Podcastle, a platform specializing in podcast recording and editing, has recently entered the competition for AI text-to-speech technology by launching its self-developed AI model, Asyncflow v1.0. The company has also introduced an API for developers, enabling them to integrate this text-to-speech model directly into their applications.
With Asyncflow v1.0, Podcastle can offer over 450 AI voices for text narration. According to Podcastle, during the development and training of this model, they focused on cost control and efficiency improvement, giving them a competitive edge in the market.
This move places Podcastle alongside companies like ElevenLabs, Speechify, and WellSaid, all of which are working on technologies and models that convert any text into AI-generated voice clips. This technology is widely applicable, spanning marketing, advertising, content creation, education, and corporate training.
Podcastle's founder, Artur Yeritsyan, stated in an interview that the company had planned to develop a text-to-speech model from the beginning, but high development costs and data requirements were once obstacles.
"We've always wanted to build a powerful text-to-speech model. However, the development costs were very high. Thanks to the rapid advancement of large language models in recent years, we made significant breakthroughs last year, allowing us to create high-quality voice models without needing vast amounts of data," Yeritsyan explained.

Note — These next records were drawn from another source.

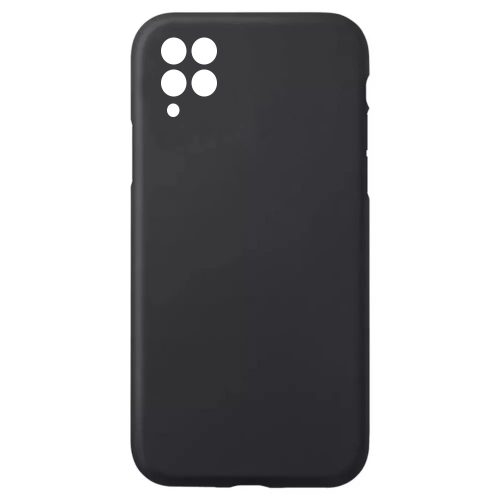 Husa Huawei P40 Lite Luxury Silicone, catifea in interior, protectie camere, negru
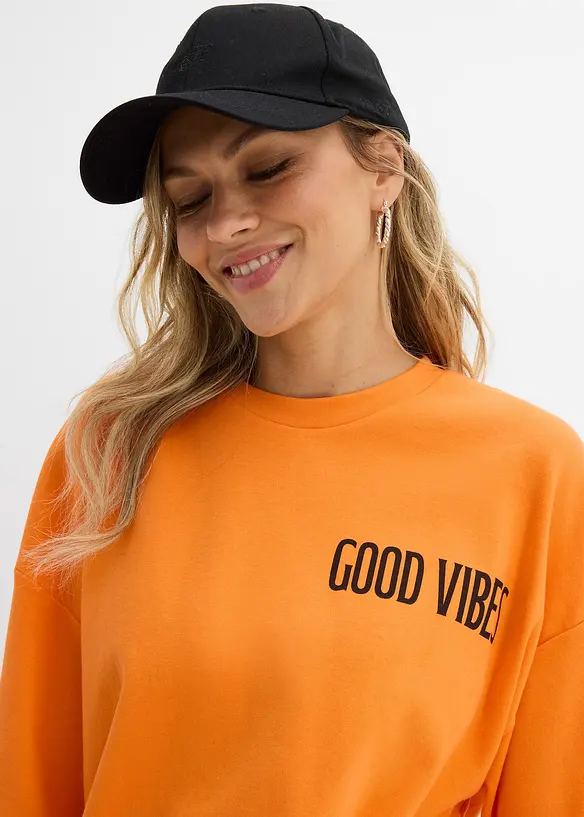 Oversizetopp av ekologisk bomull, bonprix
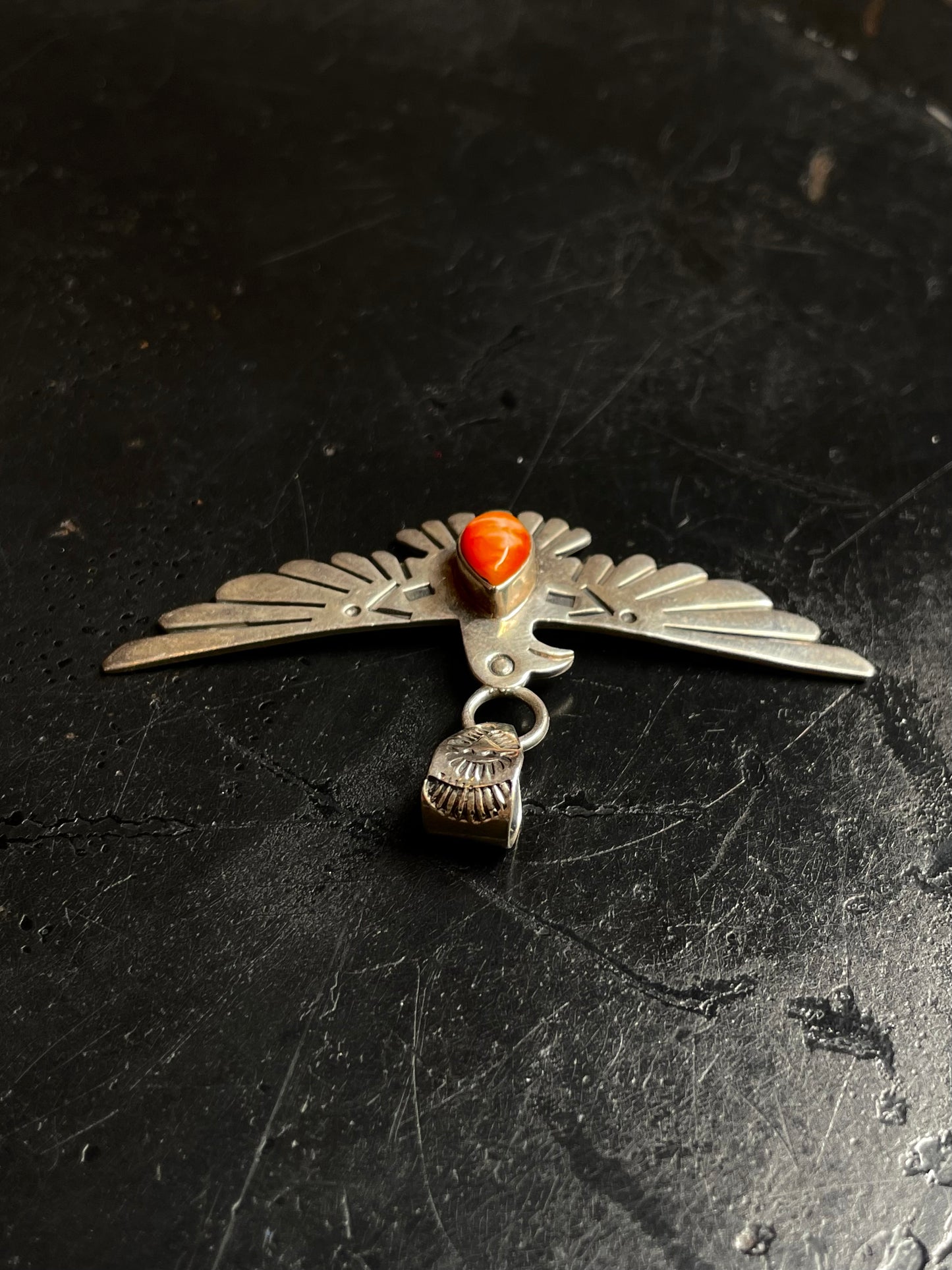 Spiny Oyster Thunderbird Pendant | 925 Sterling Silver C960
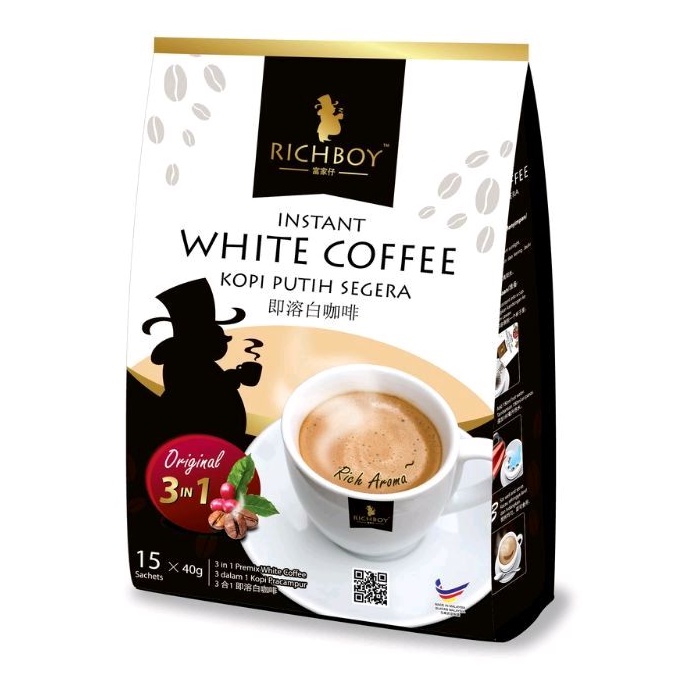 

RICHBOY Instant White Coffee 3 in 1 Original - 1 Sachet (40 gr)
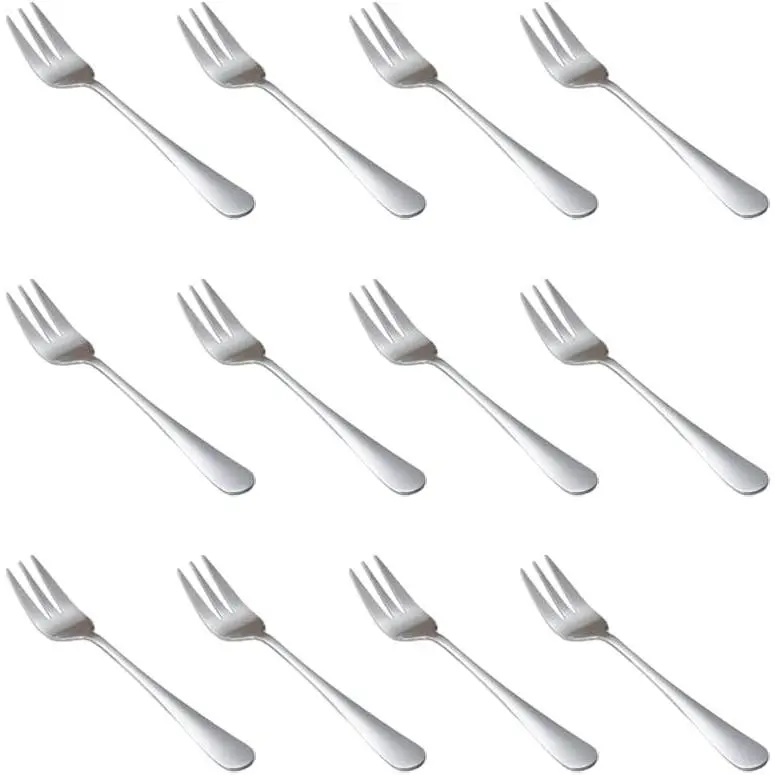 12pcs 5.51 Inches Stainless Steel Mini Forks,3 Prong Appetizer Forks,Cocktail Salad Fruit Forks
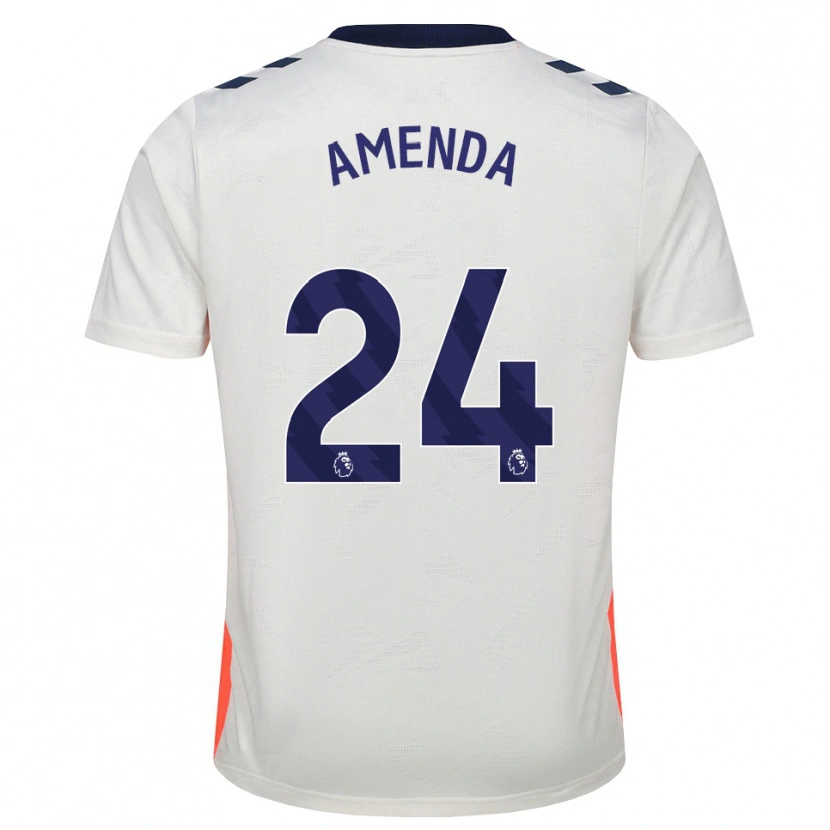 Danxen Kvinnor Aurèle Amenda #24 Vit Orange Kungligt Blå Bortatröja Matchtröjor 2026/27 Tröjor T-Tröja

Last year, Podcastle successfully completed a $13.5 million Series A funding round, providing financial support for the project’s progress.
In terms of pricing, Podcastle charges approximately $40 for every 500 minutes of text-to-speech conversion, while ElevenLabs charges $99 for the same service.
Additionally, Podcastle has upgraded its voice cloning feature, making the training process faster. Previously, users had to read around 70 different sentences, but now, just a few seconds of audio recording can create a voice clone. This new process incorporates Podcastle's Magic Dust AI technology, released last year, to enhance recording quality.
Testing shows that although the voices created through this new process perform well in mimicking tone, they still sound somewhat mechanical. Podcastle says they will continue improving the feature and note that users can achieve varied results by training with different voice samples.
Podcastle also emphasized that beyond cost advantages, integrating audio, video, podcasting, and AI narration tools into a redesigned platform will help it stand out in the competition. Yeritsyan pointed out that while most users currently use Podcastle for audio content, demand for video processing is rapidly increasing.